Contemporary dramatists do not find women “interesting enough” to make them central figures on stage, veteran actress and former MP Glenda Jackson has said.

Jackson, 84, is one of the country’s most decorated performers, with a career on stage and screen spanning more than 60 years.

The Elizabeth Is Missing star, who is nominated for best actress at the Bafta TV awards, said while in other industries and professions women had made strides towards equality, the arts are lagging behind.

Olivier Awards 2017 – London
Olivier Awards 2017 – London

Jackson said: “I think certainly if one looks at theatre and not just in this country, but contemporary dramatists don’t find women interesting enough to make them the central dramatic engine.”

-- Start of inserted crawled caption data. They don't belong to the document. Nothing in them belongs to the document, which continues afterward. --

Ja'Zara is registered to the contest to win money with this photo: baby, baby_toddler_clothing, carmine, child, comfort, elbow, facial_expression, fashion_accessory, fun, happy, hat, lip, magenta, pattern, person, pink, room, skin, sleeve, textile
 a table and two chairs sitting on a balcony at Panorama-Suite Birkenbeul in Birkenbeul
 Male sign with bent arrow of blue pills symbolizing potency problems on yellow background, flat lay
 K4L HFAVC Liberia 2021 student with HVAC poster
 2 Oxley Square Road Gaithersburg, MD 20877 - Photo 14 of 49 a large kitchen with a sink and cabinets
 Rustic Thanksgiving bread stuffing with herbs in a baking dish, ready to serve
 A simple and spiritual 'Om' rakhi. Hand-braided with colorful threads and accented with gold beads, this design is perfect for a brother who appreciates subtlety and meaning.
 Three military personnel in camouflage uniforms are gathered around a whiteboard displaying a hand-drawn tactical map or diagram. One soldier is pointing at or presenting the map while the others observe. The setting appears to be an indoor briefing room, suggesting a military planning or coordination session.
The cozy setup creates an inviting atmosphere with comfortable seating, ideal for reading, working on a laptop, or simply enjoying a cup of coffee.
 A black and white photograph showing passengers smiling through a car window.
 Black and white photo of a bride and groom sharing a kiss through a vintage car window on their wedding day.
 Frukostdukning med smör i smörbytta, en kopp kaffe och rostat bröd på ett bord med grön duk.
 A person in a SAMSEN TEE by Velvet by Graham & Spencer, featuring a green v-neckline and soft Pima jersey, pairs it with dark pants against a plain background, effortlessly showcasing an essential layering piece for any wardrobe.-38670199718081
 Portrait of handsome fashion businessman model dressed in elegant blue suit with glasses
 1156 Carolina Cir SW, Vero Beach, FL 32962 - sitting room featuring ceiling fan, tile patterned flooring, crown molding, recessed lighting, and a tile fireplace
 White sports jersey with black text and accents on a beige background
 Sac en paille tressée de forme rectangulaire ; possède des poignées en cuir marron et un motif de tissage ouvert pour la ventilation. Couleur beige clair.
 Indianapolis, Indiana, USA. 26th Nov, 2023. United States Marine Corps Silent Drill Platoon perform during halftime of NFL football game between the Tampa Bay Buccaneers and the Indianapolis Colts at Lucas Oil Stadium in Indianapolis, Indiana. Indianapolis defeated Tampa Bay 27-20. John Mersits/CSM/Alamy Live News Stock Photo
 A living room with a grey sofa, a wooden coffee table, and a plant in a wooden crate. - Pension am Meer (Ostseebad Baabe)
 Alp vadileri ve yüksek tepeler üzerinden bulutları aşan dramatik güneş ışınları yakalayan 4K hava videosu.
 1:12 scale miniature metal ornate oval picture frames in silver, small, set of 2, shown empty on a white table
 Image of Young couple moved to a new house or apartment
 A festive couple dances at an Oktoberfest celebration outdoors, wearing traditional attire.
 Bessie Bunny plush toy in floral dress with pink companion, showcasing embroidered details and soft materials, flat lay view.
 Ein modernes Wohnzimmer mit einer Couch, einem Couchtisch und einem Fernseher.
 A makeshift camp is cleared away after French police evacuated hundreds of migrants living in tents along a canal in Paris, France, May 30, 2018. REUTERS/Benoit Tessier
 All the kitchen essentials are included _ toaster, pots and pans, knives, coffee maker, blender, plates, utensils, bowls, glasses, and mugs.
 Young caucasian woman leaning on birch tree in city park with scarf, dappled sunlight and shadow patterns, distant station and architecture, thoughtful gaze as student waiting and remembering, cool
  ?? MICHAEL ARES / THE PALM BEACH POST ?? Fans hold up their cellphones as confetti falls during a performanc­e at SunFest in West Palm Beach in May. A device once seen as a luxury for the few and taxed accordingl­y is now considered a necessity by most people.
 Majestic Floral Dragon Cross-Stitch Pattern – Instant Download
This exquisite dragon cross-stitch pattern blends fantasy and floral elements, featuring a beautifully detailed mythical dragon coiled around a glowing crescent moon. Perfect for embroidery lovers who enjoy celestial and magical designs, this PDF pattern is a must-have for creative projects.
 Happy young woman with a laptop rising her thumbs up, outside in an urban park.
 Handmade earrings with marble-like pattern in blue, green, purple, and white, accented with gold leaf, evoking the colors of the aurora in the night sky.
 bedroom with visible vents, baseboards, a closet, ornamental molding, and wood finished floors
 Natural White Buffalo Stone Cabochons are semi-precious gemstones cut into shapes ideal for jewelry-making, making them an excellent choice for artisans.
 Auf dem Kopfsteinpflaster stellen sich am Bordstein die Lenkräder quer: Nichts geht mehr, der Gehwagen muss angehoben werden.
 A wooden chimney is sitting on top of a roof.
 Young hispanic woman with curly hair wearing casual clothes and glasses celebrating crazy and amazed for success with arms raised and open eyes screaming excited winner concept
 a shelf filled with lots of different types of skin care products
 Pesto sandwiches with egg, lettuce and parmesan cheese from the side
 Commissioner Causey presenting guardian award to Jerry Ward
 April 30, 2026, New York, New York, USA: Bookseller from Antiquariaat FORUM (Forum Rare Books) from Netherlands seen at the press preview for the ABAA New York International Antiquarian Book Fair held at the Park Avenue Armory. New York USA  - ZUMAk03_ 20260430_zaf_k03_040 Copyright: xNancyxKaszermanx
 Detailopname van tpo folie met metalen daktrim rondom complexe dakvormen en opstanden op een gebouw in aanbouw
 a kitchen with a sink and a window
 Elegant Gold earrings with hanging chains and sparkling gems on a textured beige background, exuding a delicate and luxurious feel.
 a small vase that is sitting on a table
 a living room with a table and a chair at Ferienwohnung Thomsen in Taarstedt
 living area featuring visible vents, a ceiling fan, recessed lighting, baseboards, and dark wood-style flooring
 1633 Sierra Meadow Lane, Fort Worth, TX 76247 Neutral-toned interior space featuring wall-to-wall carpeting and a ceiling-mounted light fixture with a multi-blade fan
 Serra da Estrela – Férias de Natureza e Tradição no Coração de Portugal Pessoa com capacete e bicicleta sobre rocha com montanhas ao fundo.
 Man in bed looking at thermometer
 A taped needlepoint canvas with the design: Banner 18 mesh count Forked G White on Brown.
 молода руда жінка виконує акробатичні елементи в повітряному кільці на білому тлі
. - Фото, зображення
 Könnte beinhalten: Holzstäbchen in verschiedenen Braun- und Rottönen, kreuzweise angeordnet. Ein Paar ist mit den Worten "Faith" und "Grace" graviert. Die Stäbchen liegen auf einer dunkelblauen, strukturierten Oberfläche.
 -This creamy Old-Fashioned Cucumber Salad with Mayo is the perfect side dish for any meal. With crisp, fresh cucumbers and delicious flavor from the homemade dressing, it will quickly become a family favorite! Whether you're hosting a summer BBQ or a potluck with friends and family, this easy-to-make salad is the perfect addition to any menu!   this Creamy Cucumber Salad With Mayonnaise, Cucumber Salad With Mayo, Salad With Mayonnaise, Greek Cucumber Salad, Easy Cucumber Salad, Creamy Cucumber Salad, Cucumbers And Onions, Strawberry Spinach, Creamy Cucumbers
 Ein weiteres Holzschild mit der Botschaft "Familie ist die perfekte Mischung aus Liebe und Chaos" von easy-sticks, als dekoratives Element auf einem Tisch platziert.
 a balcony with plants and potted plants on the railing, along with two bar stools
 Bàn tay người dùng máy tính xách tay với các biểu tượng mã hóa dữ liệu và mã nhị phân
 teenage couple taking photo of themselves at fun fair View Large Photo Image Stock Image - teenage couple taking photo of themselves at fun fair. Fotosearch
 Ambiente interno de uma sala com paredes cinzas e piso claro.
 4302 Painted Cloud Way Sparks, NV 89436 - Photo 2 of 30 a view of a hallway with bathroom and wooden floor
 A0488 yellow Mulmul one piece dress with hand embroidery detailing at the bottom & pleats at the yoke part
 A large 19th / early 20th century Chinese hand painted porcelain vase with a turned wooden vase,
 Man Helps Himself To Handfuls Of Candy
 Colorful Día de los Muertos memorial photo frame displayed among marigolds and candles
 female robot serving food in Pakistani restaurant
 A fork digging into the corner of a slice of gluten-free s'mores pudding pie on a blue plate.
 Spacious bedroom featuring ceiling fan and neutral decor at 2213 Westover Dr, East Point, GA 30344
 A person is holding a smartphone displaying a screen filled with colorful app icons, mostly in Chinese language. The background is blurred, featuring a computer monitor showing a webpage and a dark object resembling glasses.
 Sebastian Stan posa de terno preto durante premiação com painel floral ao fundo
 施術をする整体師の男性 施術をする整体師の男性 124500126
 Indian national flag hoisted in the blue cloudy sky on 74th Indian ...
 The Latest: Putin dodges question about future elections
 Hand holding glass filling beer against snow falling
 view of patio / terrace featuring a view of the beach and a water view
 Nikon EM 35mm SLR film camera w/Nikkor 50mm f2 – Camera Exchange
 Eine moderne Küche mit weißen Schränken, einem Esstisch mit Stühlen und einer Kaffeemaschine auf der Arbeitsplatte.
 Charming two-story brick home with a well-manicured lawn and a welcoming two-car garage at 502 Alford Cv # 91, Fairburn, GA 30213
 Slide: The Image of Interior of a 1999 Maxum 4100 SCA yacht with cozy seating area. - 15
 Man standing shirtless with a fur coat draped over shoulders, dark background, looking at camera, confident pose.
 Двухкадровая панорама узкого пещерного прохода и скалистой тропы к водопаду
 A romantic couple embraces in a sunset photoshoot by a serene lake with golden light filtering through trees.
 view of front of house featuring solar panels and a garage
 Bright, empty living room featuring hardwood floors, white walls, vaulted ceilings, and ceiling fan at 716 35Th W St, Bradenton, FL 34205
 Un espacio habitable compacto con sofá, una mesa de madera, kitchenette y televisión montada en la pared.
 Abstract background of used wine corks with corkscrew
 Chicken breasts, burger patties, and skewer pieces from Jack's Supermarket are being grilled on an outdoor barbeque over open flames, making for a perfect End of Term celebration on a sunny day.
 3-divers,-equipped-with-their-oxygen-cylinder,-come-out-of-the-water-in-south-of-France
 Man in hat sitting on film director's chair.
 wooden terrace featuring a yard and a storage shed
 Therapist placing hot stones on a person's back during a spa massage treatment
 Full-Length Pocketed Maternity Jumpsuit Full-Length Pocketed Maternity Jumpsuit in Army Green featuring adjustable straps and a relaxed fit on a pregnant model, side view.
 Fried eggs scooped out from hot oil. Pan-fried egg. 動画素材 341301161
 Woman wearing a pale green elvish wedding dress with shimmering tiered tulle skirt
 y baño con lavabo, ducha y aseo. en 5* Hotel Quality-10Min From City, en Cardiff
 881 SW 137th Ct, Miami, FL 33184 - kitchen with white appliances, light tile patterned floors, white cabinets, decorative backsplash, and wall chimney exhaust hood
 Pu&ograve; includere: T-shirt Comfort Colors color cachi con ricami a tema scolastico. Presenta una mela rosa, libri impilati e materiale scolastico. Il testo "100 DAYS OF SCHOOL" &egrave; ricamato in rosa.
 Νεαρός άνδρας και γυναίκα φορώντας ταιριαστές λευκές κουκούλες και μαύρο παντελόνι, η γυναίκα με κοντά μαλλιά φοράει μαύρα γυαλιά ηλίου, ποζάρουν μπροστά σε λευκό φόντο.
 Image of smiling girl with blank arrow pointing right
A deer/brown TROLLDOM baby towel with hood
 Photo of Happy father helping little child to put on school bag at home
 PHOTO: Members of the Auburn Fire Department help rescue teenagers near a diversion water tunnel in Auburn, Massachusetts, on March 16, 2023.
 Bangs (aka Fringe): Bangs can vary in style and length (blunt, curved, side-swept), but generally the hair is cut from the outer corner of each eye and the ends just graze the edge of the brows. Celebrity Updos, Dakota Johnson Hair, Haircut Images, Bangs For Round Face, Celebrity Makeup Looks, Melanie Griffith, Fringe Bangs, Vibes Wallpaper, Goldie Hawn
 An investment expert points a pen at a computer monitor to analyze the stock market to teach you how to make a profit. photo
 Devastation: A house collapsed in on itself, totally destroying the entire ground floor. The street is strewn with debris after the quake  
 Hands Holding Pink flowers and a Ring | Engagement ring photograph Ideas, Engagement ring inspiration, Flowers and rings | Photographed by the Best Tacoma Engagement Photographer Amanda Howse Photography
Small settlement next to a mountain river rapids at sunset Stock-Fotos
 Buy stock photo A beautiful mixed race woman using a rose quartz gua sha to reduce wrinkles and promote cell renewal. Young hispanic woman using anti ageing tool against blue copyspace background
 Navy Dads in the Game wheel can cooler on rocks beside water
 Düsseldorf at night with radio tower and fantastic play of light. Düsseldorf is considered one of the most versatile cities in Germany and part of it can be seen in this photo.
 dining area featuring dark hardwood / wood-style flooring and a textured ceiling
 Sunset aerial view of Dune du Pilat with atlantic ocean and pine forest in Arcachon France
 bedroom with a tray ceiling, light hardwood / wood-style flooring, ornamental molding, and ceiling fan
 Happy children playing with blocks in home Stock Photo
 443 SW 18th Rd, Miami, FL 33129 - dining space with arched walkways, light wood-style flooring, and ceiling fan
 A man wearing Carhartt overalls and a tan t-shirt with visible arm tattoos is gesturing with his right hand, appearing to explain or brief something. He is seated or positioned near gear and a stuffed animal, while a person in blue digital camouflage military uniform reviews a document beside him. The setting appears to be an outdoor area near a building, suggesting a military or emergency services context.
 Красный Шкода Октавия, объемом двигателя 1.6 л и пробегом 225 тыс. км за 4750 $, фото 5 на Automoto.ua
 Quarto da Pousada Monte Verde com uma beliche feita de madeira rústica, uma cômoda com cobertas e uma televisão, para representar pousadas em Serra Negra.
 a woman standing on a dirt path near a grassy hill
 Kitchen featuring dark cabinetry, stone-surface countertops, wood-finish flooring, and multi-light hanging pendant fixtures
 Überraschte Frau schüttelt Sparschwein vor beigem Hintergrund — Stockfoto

Jackson, the winner of two best actress Academy Awards, said there have been changes in how women are treated in television but success is still viewed as “something remarkable”.

Speaking during a virtual discussion alongside her fellow Bafta TV award nominees Samantha Morton and Jodie Comer, Jackson said: “When a woman is successful she is deemed to be the exception that proves the rule. If a woman fails then it’s just par for the course.”

Jackson said all women face “particularly high barriers” but that for those in acting and the creative arts “those fences are still very high”.

She added: “Those ceilings are still there and it’s ludicrous. It isn’t as though women can’t do it, it’s just that those who still, far too often, sit in the decision-making chair, still have to be persuaded in a way that would never occur to them, as far as a man was concerned.”

Jackson returned to TV for the first time in 27 years to star as an elderly grandmother struggling with dementia in the BBC’s small screen film Elizabeth Is Missing, an adaptation of a book of the same name.

Her heartrending performance earned rave reviews. Jackson, a Labour MP from 1992 to 2015, admitted she was worried about a return to TV after so long away.

Asked if spending more than two decades in politics had changed how she viewed the acting industry, Jackson said: “Good God, no. I mean the egos you see going up and down the corridors in Parliament wouldn’t be tolerated in a professional theatre or on a professional cinema stage for 30 seconds.”

– The Virgin Media Baftas will be broadcast on BBC One at 7pm on Friday July 31.